Segundo Matthieu Ricard, é, pois, importante estarmos conscientes das nossas emoções e possuirmos determinados métodos para lidarmos com elas. Por exemplo, no que respeita à ansiedade, primeiro devemos tomar consciência o quanto esta é inútil e depois, perceber que se deixar a ansiedade encher a minha mente vou ficar num estado miserável. Ao tornarmos a mente mais consciente desta ansiedade, esta vai perdendo a força, porque a deixamos de a alimentar. Não a bloqueámos, deixamos só que se desvanecesse. Quando ficamos familiarizados com este processo, as emoções continuam a aparecer, mas com menos força, e gradualmente levaremos menos tempo a dissolvê-la.
Segundo o Monge, o nosso controlo das circunstâncias exteriores é mínimo e no fim estamos sempre à mercê das nossas mentes, pelo que, quando temos condições interiores para o bem-estar, os ganhos, as perdas, prazer e dor, sucessos e falhanços perdem a relevância. Ou seja, será fantástico se as coisas correrem bem, mas não é um drama se correrem mal.
Conclui então que a felicidade existe independentemente do sofrimento ou dos prazeres passageiros. Quanto mais nos confrontamos com os altos e baixos da vida, mais a reforçamos, porque ficamos menos vulneráveis às circunstâncias exteriores.
É certo que tendemos a resistir à mudança, mas existe sempre um potencial para a mudança e um dos fatores determinantes para Matthieu é a inspiração. Há predisposições biológicas para a felicidade ou infelicidade, que, numa pequena percentagem podem ser genéticas. Mas, no essencial, devemos perceber que é sempre possível cultivar condições que nos ajudem a sermos melhores. Se temos uma razão para mudar, é mais fácil.
Pelo contrário, o maior perigo é desistir. A primeira coisa a fazer é reconhecer o potencial de mudar. Depois precisamos de algum interesse e este só aparece se virmos um benefício. Devemos, pois, cultivar a nossa vida de emoções positivas. Por exemplo, se a raiva é o meu principal problema, então devemos cultivar a benevolência, enchendo-nos com este sentimento. Talvez este se torne mais forte e neutralize a raiva, porque as duas emoções são incompatíveis.
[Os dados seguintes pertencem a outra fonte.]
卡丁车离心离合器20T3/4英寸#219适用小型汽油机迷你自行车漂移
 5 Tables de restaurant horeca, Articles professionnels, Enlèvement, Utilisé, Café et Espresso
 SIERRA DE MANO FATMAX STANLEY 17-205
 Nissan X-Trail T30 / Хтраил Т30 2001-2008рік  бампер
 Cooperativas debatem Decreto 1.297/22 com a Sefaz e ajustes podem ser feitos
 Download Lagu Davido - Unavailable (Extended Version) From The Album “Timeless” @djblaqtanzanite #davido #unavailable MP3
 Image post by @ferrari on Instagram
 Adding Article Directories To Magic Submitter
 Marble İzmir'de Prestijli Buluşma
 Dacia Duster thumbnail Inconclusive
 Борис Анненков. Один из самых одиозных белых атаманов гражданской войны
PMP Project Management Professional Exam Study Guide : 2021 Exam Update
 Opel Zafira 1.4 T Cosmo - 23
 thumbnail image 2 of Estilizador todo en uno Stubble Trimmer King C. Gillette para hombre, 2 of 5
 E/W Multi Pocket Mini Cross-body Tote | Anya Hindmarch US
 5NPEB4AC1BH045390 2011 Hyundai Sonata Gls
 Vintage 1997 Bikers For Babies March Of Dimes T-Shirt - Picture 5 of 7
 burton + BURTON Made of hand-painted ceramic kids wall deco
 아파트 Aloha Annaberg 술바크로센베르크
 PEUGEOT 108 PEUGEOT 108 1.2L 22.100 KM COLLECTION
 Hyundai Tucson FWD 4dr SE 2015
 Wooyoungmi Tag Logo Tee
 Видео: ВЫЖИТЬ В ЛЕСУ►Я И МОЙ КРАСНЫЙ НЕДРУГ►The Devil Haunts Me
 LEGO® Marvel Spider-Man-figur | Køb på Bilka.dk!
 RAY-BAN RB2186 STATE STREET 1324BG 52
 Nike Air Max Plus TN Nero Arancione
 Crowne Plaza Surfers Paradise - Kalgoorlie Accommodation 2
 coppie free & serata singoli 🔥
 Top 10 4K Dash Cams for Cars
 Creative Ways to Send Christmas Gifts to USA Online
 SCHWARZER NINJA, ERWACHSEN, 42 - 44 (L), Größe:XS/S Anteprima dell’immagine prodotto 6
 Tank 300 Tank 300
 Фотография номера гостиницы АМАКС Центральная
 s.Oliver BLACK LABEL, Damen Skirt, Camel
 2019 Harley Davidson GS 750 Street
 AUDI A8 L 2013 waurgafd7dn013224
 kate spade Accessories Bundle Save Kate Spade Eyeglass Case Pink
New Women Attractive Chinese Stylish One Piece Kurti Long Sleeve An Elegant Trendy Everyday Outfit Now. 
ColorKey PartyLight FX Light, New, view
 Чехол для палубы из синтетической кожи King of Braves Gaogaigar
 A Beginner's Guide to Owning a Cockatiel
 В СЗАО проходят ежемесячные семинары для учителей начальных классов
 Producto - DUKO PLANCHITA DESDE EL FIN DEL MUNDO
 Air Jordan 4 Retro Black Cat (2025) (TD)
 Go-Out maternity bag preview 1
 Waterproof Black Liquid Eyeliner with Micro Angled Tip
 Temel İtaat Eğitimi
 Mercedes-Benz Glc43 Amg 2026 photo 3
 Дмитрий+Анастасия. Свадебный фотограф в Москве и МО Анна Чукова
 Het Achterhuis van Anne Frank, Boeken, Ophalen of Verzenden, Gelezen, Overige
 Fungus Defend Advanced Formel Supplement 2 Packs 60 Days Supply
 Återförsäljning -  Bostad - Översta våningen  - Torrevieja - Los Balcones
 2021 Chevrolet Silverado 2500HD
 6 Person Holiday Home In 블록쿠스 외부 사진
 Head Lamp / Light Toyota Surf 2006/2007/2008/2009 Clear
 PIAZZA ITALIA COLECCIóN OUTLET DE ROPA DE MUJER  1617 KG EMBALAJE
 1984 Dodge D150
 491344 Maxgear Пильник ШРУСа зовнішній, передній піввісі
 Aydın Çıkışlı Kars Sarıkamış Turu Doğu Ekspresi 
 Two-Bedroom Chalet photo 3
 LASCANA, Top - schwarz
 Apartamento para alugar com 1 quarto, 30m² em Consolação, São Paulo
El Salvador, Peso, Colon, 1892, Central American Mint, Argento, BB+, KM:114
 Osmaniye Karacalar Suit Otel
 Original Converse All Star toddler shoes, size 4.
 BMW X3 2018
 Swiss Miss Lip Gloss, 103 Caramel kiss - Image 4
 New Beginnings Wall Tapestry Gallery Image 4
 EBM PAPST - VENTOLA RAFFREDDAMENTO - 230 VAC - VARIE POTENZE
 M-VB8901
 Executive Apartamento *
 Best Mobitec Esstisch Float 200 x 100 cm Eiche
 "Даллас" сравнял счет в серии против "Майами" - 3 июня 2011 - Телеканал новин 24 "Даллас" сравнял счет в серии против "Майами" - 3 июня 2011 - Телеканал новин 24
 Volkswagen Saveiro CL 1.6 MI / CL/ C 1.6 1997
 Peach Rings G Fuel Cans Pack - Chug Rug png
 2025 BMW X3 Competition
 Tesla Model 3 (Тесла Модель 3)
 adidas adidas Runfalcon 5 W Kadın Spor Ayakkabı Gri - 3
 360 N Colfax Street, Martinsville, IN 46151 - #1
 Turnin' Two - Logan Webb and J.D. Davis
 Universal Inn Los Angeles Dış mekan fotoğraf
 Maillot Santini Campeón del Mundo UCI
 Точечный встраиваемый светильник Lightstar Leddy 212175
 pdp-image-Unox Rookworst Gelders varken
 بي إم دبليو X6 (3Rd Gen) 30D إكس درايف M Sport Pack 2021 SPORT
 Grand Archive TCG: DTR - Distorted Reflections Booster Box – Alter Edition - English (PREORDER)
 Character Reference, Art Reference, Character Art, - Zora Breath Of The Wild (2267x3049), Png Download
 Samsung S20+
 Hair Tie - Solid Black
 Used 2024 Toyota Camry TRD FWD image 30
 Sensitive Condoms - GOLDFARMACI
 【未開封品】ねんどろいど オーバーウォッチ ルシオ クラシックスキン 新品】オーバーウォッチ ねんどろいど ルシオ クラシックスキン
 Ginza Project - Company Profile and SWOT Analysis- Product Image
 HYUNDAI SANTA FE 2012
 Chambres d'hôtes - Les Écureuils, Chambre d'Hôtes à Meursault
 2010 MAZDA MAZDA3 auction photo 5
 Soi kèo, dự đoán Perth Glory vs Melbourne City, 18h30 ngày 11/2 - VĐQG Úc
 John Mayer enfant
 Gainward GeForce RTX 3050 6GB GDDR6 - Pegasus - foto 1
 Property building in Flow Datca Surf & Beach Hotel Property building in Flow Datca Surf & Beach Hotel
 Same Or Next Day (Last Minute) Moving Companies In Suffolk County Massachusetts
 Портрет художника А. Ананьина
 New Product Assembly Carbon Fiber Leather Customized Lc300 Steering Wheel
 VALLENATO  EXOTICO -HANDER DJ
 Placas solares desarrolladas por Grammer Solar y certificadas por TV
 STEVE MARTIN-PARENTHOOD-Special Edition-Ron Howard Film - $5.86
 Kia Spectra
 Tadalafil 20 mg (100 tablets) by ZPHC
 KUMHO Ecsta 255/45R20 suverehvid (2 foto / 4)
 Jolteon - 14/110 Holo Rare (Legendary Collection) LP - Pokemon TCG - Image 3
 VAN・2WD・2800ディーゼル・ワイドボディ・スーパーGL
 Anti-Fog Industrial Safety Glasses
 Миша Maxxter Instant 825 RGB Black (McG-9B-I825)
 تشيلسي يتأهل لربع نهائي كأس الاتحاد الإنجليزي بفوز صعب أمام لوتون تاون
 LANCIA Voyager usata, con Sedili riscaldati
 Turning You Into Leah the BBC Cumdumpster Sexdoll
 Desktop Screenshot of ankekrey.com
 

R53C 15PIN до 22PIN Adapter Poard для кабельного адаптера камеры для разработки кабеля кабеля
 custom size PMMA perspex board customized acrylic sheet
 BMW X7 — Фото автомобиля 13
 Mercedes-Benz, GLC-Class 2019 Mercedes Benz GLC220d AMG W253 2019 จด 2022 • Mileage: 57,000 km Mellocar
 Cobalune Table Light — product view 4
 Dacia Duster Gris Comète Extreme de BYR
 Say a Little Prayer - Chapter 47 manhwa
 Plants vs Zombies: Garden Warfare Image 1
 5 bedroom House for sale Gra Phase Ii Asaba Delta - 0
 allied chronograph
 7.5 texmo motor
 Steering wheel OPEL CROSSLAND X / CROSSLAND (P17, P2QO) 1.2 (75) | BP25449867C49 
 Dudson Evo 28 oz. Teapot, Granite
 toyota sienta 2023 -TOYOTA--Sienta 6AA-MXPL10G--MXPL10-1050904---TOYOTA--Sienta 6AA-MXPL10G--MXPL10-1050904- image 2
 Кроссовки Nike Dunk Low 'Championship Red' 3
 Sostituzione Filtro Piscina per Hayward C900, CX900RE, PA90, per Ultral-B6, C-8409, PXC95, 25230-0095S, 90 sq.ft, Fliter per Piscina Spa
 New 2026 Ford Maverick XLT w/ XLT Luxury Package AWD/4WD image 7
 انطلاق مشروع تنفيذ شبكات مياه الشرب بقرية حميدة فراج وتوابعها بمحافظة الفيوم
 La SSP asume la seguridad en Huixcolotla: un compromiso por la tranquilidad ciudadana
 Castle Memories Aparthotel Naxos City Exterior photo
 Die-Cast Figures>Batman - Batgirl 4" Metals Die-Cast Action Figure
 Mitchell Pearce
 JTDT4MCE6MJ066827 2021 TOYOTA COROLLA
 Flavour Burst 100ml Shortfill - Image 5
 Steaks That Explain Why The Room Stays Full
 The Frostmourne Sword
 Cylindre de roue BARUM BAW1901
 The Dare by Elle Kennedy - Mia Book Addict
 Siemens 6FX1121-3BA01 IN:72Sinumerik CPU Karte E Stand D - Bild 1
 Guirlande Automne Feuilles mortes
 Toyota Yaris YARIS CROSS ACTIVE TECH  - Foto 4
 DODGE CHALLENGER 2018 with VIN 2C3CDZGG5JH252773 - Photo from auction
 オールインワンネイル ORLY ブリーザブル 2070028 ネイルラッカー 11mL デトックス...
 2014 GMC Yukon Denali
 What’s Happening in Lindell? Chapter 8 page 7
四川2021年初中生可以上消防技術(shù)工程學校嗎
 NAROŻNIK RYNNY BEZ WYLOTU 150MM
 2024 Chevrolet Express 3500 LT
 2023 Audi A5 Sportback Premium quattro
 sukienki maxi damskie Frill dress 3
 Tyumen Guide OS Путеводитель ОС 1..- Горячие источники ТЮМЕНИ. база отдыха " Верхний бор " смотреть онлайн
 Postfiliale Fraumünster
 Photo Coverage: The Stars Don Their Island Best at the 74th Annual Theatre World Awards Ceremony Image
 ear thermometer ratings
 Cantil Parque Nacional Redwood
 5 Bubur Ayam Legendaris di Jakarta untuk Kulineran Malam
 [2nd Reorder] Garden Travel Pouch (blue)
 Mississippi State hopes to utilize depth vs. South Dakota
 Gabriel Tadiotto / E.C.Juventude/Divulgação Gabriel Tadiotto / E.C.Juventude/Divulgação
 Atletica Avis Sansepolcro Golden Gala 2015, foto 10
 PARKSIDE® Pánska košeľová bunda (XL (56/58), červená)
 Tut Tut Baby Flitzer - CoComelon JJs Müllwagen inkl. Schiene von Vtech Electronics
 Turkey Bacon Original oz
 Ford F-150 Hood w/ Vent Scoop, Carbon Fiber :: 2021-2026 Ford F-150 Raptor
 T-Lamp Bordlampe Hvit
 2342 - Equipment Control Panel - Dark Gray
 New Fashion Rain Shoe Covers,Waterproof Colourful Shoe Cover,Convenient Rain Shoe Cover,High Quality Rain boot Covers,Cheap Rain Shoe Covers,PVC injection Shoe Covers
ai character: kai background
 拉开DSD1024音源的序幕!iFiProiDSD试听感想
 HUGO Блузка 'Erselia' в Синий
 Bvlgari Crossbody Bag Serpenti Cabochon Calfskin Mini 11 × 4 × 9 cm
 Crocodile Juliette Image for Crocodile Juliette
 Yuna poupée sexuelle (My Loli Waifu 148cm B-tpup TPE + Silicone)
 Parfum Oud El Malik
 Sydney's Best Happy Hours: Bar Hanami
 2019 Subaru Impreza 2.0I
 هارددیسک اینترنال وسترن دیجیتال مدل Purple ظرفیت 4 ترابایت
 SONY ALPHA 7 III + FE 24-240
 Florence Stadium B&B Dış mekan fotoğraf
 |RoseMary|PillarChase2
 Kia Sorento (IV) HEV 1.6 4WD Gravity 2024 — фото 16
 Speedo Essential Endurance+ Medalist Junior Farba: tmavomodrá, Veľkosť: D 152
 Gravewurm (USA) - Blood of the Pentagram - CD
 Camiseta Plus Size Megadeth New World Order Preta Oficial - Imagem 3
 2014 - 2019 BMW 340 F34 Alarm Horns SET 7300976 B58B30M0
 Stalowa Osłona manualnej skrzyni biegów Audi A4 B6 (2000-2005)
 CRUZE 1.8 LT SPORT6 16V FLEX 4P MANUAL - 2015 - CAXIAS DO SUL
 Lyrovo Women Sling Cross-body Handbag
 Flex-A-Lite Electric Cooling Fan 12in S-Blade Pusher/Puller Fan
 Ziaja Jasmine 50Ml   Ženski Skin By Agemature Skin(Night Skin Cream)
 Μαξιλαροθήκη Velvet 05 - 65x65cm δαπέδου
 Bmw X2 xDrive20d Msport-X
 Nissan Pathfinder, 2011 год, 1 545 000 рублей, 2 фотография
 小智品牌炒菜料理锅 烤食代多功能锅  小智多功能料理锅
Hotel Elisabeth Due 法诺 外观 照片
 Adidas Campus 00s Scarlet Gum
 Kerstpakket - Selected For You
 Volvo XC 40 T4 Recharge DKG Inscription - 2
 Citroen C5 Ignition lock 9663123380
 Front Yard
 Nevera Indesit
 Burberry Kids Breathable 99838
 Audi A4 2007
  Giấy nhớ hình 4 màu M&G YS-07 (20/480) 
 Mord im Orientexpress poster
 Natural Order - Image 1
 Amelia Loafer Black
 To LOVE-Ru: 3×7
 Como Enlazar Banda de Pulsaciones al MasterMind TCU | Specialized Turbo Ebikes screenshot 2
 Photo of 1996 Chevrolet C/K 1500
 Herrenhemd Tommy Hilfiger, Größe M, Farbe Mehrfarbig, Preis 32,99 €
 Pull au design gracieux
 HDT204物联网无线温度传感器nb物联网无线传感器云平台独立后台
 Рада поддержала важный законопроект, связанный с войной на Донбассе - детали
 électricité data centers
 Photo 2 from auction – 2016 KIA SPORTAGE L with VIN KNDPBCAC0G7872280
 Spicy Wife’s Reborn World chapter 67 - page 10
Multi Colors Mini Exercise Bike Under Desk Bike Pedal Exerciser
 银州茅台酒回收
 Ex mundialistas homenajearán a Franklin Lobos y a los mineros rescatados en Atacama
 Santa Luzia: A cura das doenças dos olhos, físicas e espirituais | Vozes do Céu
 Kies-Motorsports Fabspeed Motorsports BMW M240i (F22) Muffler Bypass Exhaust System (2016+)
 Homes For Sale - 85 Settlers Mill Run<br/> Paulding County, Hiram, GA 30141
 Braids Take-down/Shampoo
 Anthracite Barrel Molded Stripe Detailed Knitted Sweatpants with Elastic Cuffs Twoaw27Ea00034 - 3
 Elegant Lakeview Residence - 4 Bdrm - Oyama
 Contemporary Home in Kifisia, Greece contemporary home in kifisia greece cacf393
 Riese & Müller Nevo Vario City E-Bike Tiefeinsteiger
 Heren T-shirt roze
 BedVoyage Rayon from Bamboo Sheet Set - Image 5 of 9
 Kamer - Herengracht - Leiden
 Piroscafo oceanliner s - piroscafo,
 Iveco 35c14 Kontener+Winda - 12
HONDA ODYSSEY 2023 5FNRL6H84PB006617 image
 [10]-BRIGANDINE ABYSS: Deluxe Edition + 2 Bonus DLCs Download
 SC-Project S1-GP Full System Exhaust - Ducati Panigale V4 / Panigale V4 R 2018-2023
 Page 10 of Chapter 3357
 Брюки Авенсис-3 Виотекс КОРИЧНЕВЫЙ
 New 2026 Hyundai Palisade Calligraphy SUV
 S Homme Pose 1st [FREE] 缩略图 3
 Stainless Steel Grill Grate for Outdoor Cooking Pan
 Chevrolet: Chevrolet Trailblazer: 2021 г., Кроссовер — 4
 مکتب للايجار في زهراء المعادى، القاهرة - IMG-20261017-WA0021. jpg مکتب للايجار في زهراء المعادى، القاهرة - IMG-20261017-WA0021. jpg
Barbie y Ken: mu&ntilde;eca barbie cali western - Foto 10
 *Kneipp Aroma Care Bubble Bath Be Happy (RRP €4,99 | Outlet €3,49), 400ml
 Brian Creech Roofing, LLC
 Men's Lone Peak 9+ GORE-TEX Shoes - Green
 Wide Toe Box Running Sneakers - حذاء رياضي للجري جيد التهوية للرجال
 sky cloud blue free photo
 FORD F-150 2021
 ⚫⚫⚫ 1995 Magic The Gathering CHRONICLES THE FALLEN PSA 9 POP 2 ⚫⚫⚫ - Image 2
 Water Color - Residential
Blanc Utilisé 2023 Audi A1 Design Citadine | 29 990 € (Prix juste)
"O que há a fazer é aumentar o tempo em que nos concentramos em emoções positivas, e isso é uma questão de treino"
Um filósofo suíço chamado Alexandre Jollien defende que a meditação tem efeitos sobre o sofrimento físico e também mental. Defende também que a depressão é um campo onde a meditação pode ser poderosa. Reconhece que é difícil começar a meditar quando se está no pico da depressão porque não se tem vontade, mas nas pessoas que já tiveram pelo menos dois episódios, os progressos de meditação baseada na atenção plena reduziram em 40% o risco de recaída.
Alerta-nos ainda para o facto de que inicialmente a meditação pode não ser divertida, mas reitera que se deixamos de meditar, os efeitos perduram igualmente porque mudamos a nossa maneira de ser. Devemo-nos consciencializar que a determinação em fazer algo para acabar com o sofrimento faz parte da nossa felicidade. Para a felicidade é muito pior fazer mal aos outros do que nos fazerem mal a nós. Não quer dizer que temos que ser passivos se nos agredirem, mas se não pudermos evitar, só temos que lidar com isso. No fundo a felicidade é usar todas as circunstâncias de forma construtiva.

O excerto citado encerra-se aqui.